--- WHAT THE EXERCISE ASKS ---
Please restate the records that follow word for word, omitting any images.

--- DATASET EXTRACT ---
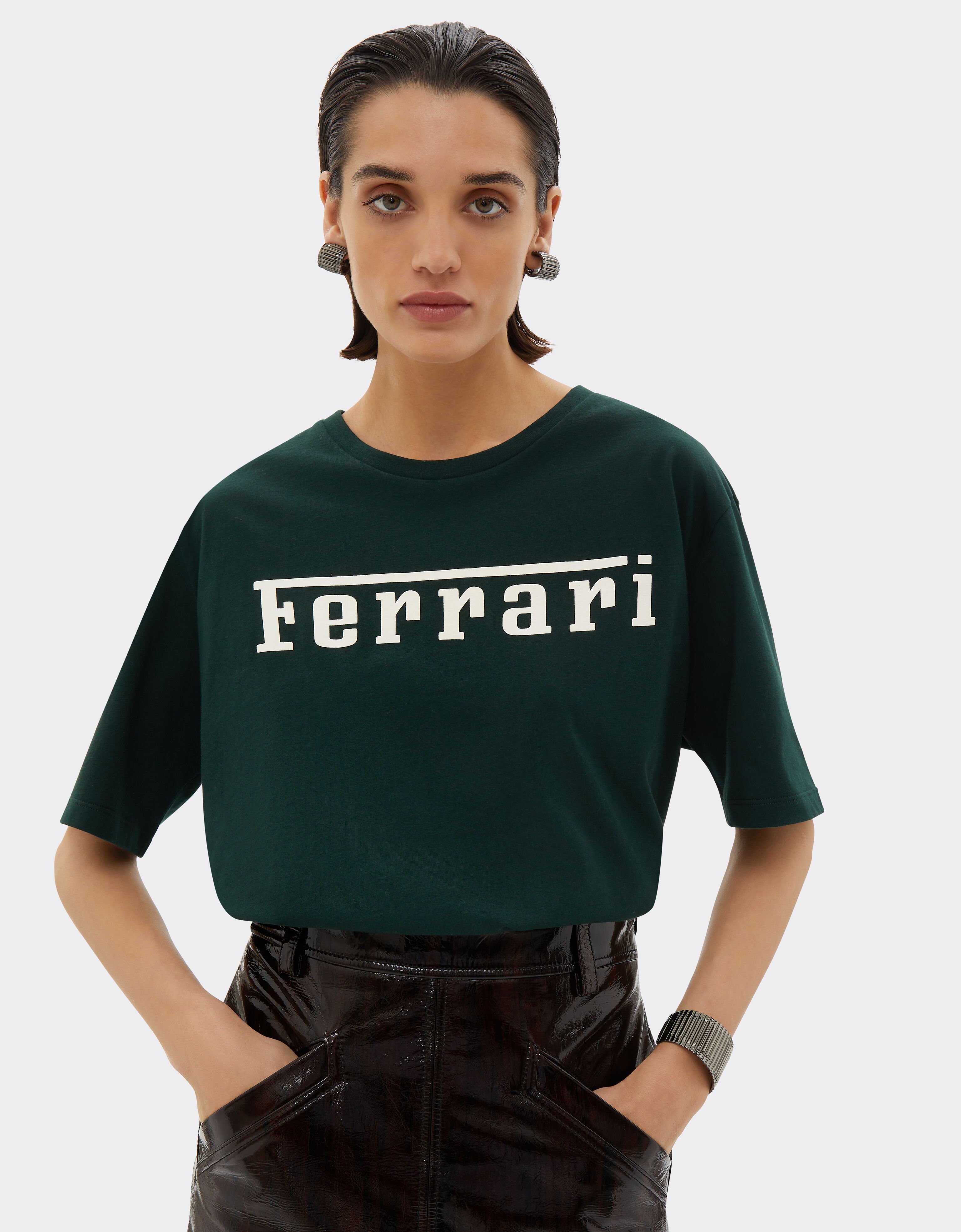 Ferrari T-shirt in cotone con logo Ferrari Verde Militare 21179f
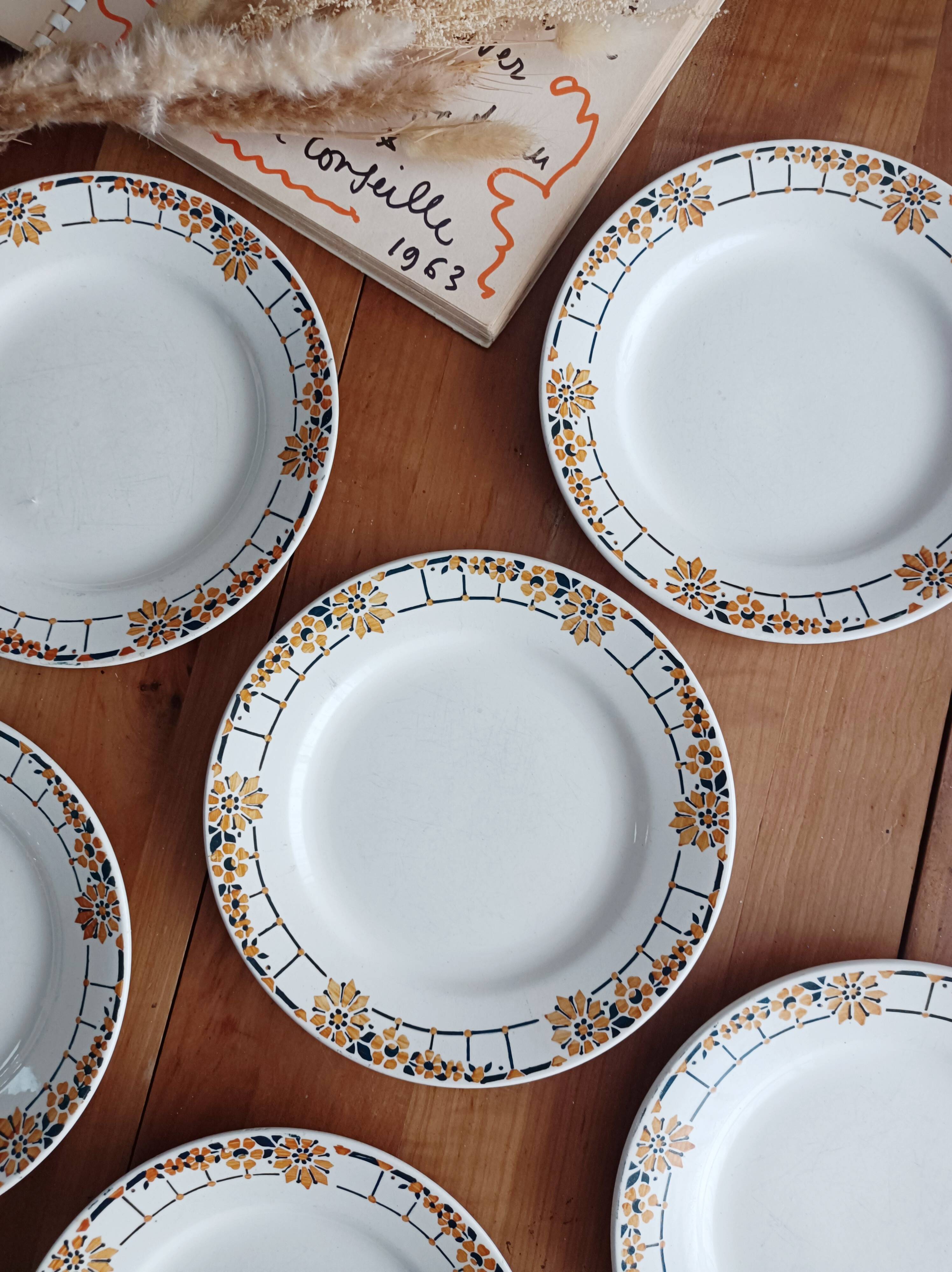 Set of 6 Ceranord dinner plates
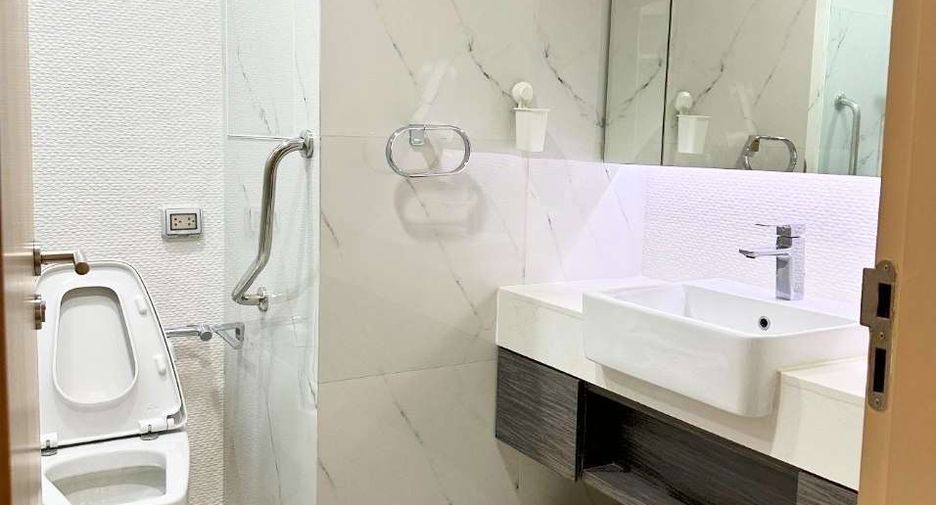 For rent 3 bedrooms condo in Watthana, Bangkok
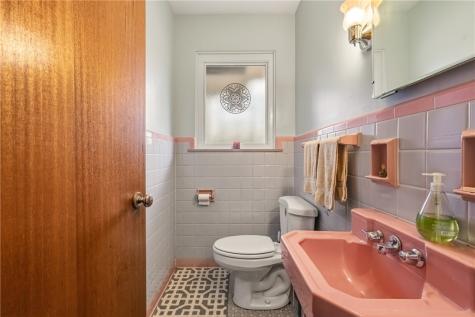457 Longvue Drive New Kensington PA 15068
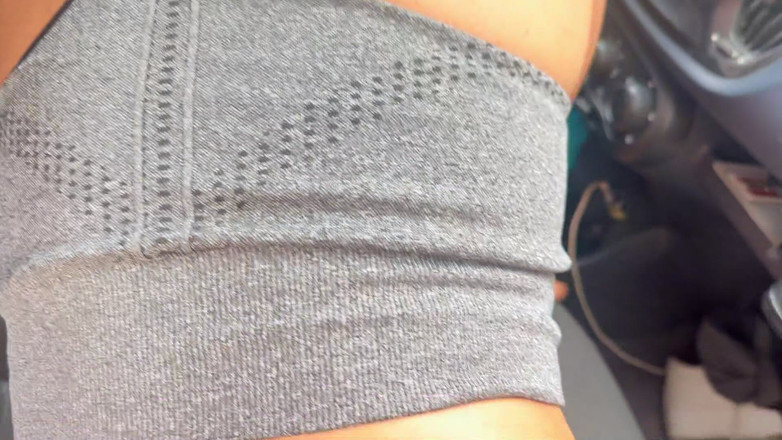 Vivy Marques: Pantatku dientot habis-habisan sama pelatih gym di lapangan parkir pusat...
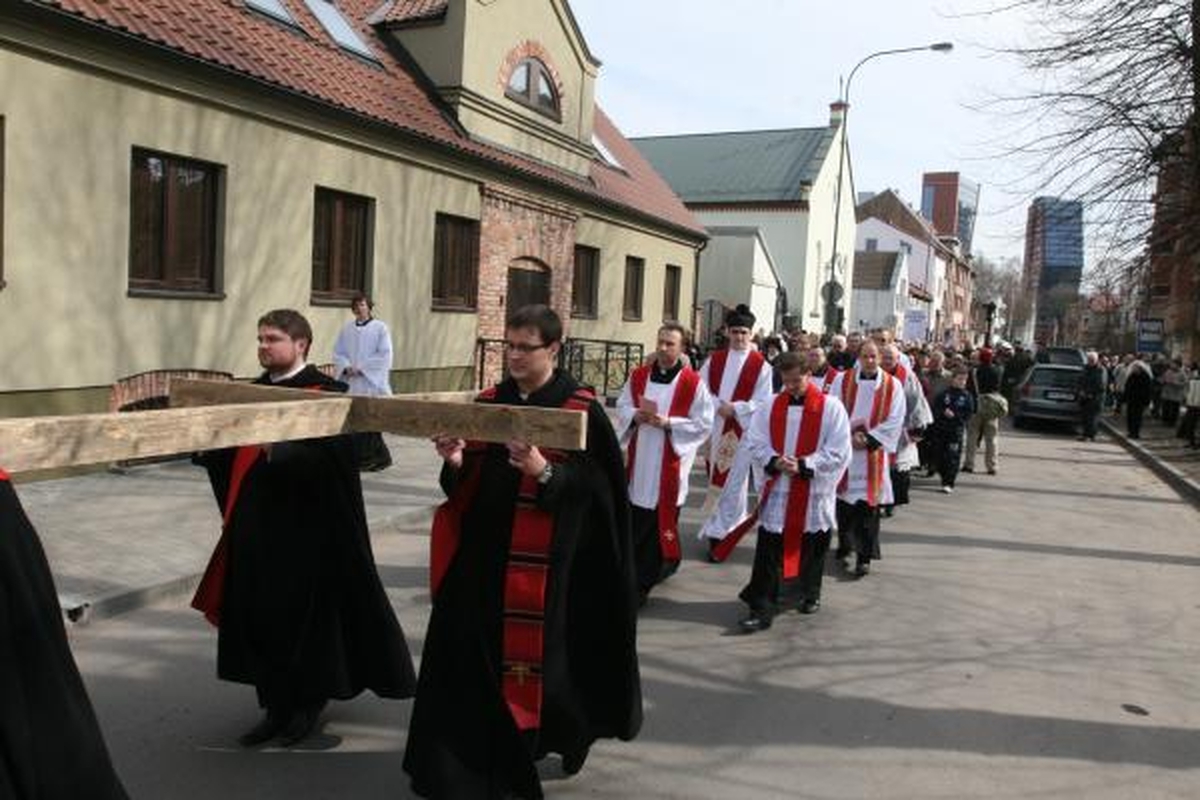 Kristaus kryžiaus kelią ėjo šimtai klaipėdiečių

--- FINISHED TASK ---
 Ferrari T-shirt in cotone con logo Ferrari Verde Militare 21179f
 Set of 6 Ceranord dinner plates
 For rent 3 bedrooms condo in Watthana, Bangkok
457 Longvue Drive New Kensington PA 15068
 Vivy Marques: Pantatku dientot habis-habisan sama pelatih gym di lapangan parkir pusat...
 Kristaus kryžiaus kelią ėjo šimtai klaipėdiečių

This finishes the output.